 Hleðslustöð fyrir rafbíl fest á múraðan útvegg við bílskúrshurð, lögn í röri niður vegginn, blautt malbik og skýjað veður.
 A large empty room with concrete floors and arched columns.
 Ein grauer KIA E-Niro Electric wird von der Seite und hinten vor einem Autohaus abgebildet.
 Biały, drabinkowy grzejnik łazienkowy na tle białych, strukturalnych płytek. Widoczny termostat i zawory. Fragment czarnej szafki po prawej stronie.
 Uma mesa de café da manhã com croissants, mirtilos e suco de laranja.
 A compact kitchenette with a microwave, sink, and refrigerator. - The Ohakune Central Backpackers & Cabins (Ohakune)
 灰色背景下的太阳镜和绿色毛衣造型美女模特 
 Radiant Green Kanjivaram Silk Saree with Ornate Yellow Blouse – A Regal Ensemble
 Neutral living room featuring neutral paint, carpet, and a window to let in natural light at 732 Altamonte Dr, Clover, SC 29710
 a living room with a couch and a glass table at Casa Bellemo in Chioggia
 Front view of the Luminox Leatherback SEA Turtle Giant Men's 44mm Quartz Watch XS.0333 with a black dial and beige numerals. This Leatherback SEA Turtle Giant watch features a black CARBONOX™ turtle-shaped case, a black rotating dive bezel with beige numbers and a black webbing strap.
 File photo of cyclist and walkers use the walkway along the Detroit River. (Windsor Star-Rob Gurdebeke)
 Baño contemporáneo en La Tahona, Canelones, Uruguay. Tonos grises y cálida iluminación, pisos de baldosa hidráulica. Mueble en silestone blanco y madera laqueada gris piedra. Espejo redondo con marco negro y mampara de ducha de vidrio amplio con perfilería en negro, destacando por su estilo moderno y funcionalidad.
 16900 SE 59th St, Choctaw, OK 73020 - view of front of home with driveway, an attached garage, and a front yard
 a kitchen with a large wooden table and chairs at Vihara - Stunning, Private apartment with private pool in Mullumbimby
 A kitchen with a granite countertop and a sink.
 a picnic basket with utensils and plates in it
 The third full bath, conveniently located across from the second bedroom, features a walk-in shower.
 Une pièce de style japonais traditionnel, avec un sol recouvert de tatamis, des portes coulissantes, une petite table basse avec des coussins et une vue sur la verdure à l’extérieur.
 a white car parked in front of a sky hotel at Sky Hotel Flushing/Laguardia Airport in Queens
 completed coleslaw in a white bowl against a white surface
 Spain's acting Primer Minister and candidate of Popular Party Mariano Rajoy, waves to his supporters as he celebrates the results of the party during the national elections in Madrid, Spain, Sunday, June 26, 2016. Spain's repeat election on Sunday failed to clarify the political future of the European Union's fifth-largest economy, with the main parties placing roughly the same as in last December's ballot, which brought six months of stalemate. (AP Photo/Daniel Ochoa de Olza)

- - -

__Action item__. The lines holding the word "living" are the answer. Pull them out of the records and copy them.

__Task solution__.
 Neutral living room featuring neutral paint, carpet, and a window to let in natural light at 732 Altamonte Dr, Clover, SC 29710
 a living room with a couch and a glass table at Casa Bellemo in Chioggia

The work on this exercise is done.